La storia di Alberto Sordi raccontata da Giorgio Assumma

Regia di

Andrea Pellizzer

Dici «Alberto Sordi» e vedi subito un volto. Ma non un volto qualunque, quel volto. Quello che ha riso, pianto, storto la bocca, lanciato battute e raccontato l’Italia per com’è, senza sconti. Un giorno americano, un altro marchese, poi medico della mutua, vigile urbano, scapolo impenitente. Eppure, dietro tutte quelle maschere, c’era un uomo vero, un uomo autentico. Uno che credeva in parole come rispetto, altruismo, solidarietà. 

Sì, perché Sordi, tra una risata e una battuta, aveva ben chiaro che la vita non è sempre una commedia. A volte è dramma, fragilità, bisogno, desiderio di cura. E allora sembra di sentirlo dire: «facciamolo un posto dove si possa stare bene anche quando tanto bene non si sta». Un posto dove la medicina non guarda l’orologio, ma le persone, dove ogni anziano è la sua storia e la scienza si fa umana. 
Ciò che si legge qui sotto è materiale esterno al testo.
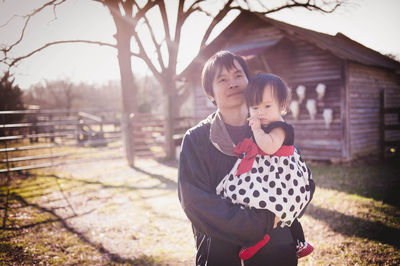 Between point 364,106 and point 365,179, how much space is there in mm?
4199

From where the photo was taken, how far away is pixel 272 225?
149cm

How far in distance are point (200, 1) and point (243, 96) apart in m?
15.2

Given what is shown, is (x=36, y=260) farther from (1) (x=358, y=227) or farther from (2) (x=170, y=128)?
(2) (x=170, y=128)

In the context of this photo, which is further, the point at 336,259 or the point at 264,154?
the point at 336,259

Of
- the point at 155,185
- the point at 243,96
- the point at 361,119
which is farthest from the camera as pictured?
the point at 361,119

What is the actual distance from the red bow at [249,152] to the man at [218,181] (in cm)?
8

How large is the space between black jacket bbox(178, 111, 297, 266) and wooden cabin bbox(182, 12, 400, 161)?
7480mm

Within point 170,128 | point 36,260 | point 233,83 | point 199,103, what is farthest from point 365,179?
point 199,103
In tutto questo, accanto a lui, c’è Giorgio Assumma, l’avvocato delle stelle, l’amico di sempre. Uno che ancora oggi, parlando di Alberto, dice: «Se lo vedesse oggi, il Campus, impazzirebbe di gioia». Perché sì, anche se il sipario è calato e le luci della ribalta si sono spente, ci sono gesti di cui continuiamo a sentire l’eco. La generosa donazione del primo lotto di terra a Trigoria, che ha dato vita alla Fondazione Alberto Sordi e su cui è stato edificato il centro per gli anziani che porta il suo nome, è stato un primo seme, parte integrante della visione di una Scienza per l’Uomo promossa dal Campus Bio-Medico con la sua università e il suo policlinico. 

Le idee di Alberto Sordi, la sua visione, il suo modo di amare la vita fanno ancora il bis. Come i film, quelli belli, che guardi e riguardi la sera tardi e ogni volta ti emozioni come fosse la prima volta. 

E allora sì, ci sono legami che non muoiono. Che superano il tempo, lo spazio e pure l’assenza fisica. Come quei personaggi di Sordi che ti restano addosso, anche quando spegni la tv. È questa la sua vera eredità: non un monumento, ma un’energia che si moltiplica ogni volta che qualcuno fa il bene, anche in silenzio, anche senza pubblico. Perché alla fine, le vite più belle non finiscono, ma esplodono di bellezza.